Prendergast's first painted works were produced around 1912, following what must have been a highly inspiring trip to Italy the year before. As Nancy Mathews points out, "Italy was a revelation to him; he loved the sensation of stepping into the past." (The Art of Charles Prendergast from the Collections of Williams College Museum of Art and Mrs. Charles Prendergast, Williamstown, Massachusetts, 1993, p. 15) In addition to the wonderful frames and antique carved furniture he saw, Prendergast was struck by the brilliancy of the gold leaf shimmering on the surfaces of the quattrocento and cinquecento masterpieces. From this point forward, gilding not only embellished his frames but became a prominent element in his paintings.

In a characteristic manner, The Offering, executed circa 1916-17, portrays a landscape filled with flowers and animals as three women extend blossoms. By making the central figure smaller than the other two, Prendergast adeptly leads the viewer into his world presenting the figures and animals in the background, framed by the plants on either side of the composition. Prendergast's wit and spontaneity freed him from employing an expected symmetry and perfection in this carefree arrangement, "reflecting the Ruskinian preference for asymmetry, irregularity and roughness." (R. Anderson, "Charles Prendergast," Maurice Brazil Prendergast and Charles Prendergast: A Catalogue Raisonné, Williamstown, Massachusetts, 1990, p. 90) These details may recall Prendergast's earlier interest in subjects suggesting fruitfulness, renewal, and rebirth. However, "it is probably unwise to look for precise iconographic meaning or deliberate intellectual content in his work...it is more likely that Charles chose these motifs primarily because they charmed him on a simple visual level and struck him as a happy antidote to contemporary realism." ("Charles Prendergast," Maurice Brazil Prendergast and Charles Prendergast: A Catalogue Raisonné, p. 90)

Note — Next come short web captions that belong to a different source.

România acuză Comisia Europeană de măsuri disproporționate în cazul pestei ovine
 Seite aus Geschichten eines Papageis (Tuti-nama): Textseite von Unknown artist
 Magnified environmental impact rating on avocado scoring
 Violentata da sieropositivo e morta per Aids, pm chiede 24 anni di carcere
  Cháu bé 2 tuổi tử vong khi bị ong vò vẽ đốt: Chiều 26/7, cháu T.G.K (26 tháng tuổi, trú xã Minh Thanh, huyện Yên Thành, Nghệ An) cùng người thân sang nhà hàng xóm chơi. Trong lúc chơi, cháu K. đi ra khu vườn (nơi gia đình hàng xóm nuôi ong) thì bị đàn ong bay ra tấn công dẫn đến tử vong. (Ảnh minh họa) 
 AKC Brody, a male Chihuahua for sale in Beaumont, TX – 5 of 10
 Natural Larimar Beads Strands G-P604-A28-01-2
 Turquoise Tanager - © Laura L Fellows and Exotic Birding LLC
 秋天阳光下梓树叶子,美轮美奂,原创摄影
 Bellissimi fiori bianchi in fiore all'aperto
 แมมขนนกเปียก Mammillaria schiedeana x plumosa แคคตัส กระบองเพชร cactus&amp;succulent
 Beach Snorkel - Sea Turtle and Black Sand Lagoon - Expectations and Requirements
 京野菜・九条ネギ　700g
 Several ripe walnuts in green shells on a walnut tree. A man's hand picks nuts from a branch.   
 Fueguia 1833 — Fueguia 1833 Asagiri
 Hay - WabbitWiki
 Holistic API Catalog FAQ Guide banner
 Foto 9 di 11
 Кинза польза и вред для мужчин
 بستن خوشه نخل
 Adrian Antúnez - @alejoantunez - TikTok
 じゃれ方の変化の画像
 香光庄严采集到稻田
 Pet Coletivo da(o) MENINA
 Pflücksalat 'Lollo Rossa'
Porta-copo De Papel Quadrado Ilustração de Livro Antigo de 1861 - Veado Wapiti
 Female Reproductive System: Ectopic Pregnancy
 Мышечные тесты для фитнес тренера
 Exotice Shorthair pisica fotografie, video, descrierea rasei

Throughout the entire panel, Prendergast's love of decorating a surface is expressed repeatedly. The Offering reveals Prendergast's paramount interest in filling a surface with rich color and pattern, likely stemming from his work in frame design. The flat, two-dimensional quality of The Offering lends the picture a simplicity and clarity, which lies at the heart of its charm. Prendergast's delight in creating the work is displayed across the surface where no one focal point presides. The artist's spontaneous hand is seen in the long, horizontal strokes of the ground. This uniform pattern is broken up by the sweeping lines of the twisting flowers and vines and the marvelous shapes of the animals and figures. Together these wonderful vignettes create a virtual playground for the eyes, the creation of an artist employing a child-like perspective to capture the pleasures of everyday life.

The work retains its original, hand-carved Charles Prendergast frame.